Monday, September 7, 2009

What socialist planning might look like...

The Socialist Workers Party proposes this alternative to market capitalism:

SOCIALIST PLANNING

There are three main prerequisites for genuine socialist planning:

First, as we have seen, the major corporations must be taken into public ownership. Planning cannot work if elected representatives draw up a plan but do not [have] the means to implement it. The requirement for public ownership need not apply to every small business. But socialist planning only requires that the major levers of the economy are in the hand of the representatives of the people. ...We would need to take control of the banks, the major construction companies, the major manufacturing plants currently run by multi-nationals, the food industry and the major supermarket chains.

Second, planning requires that all economic information is available to the public. ... If people are to collectively decide how to allocate resources, commercial secrecy must be abolished. There will be no need for such secrecy in an economy built around co-operation rather than competition. The absurd notion that individuals can hold ‘intellectual property’ over knowledge will also have to be abolished. How can we develop the productive forces of society, if individual scientists ‘own’ the fruits of scientific research and can charge a fee for giving others access to the data?

Third, socialist planning requires a form of economic democracy that goes well beyond the limited political democracy of capitalism. It requires co-ordinating institutions where delegates discuss and deliberate on where the major funds for investment are to be allocated and what type and what quantity of goods are to be produced. To accurately reflect the needs to society, delegates will have to be mandated from gatherings of their constituents and will have to report back regularly. To safeguard against bureaucracy and elitism, there should be a facility to re-call them if they do not carry out their mandate.

What do you think? Could this work? What would be necessary for such a transition to take place? What would be the greatest strength of such an economy? What would be its greatest weakness?

Has the market system failed?

Don Boudreaux says no:

It's become an article of faith among lots of people that recent events prove (or at least suggest) that markets don't work very well.....

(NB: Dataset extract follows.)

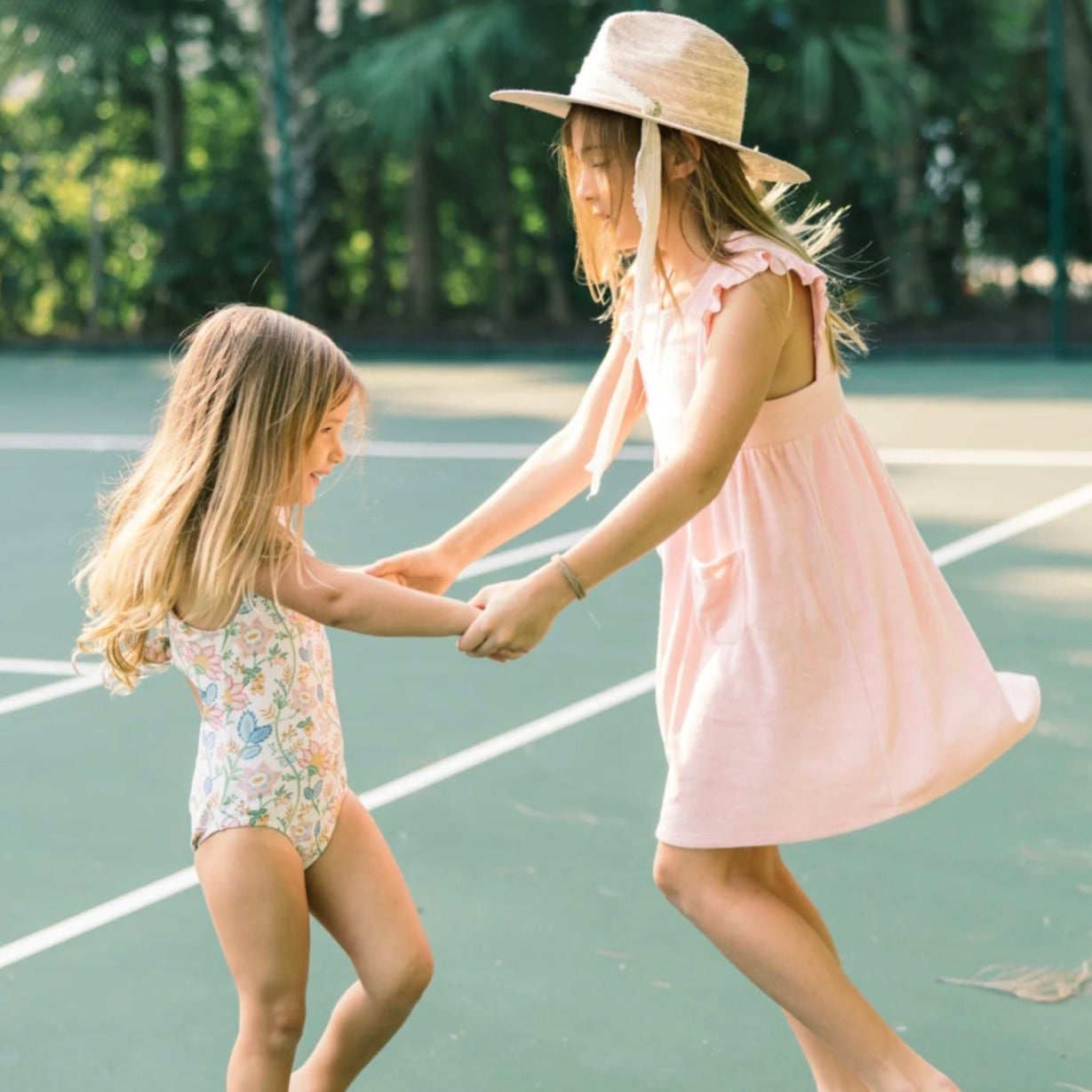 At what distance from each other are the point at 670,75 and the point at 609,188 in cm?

The vast majority of market exchanges and relationships work smoothly and to the advantage of all participants. Indeed, the market works so well and so consistently that it creates ever-higher expectations among the broad populace. When these expectations are dashed, if only for a handful of persons and if only rarely, the market is deemed to have failed.

But despite the current downturn, the market continues to work well in its typical silence. Do you have trouble today finding gasoline to buy? Are your local supermarket's shelves not stocked with food, wine, and (watch for it soon!) Easter candy? If your cat eats your socks, will you have trouble buying several new pair? If your car's battery dies this afternoon, must you resort to bicycling or public transportation because you can't replace your dead battery? If you're bored this evening with nothing to do, is there no movie you can go to or no DVD you can rent? If you miss your mom in Minneapolis or your boyfriend in Boston, can you not call them on your cell-phone — or even buy a plane ticket and go visit them?

What do you think? Has the market system failed? Why or why not? What specific characteristic has failed? What is the market system's greatest strength? Its greatest weakness? In what ways might the market system need government involvement?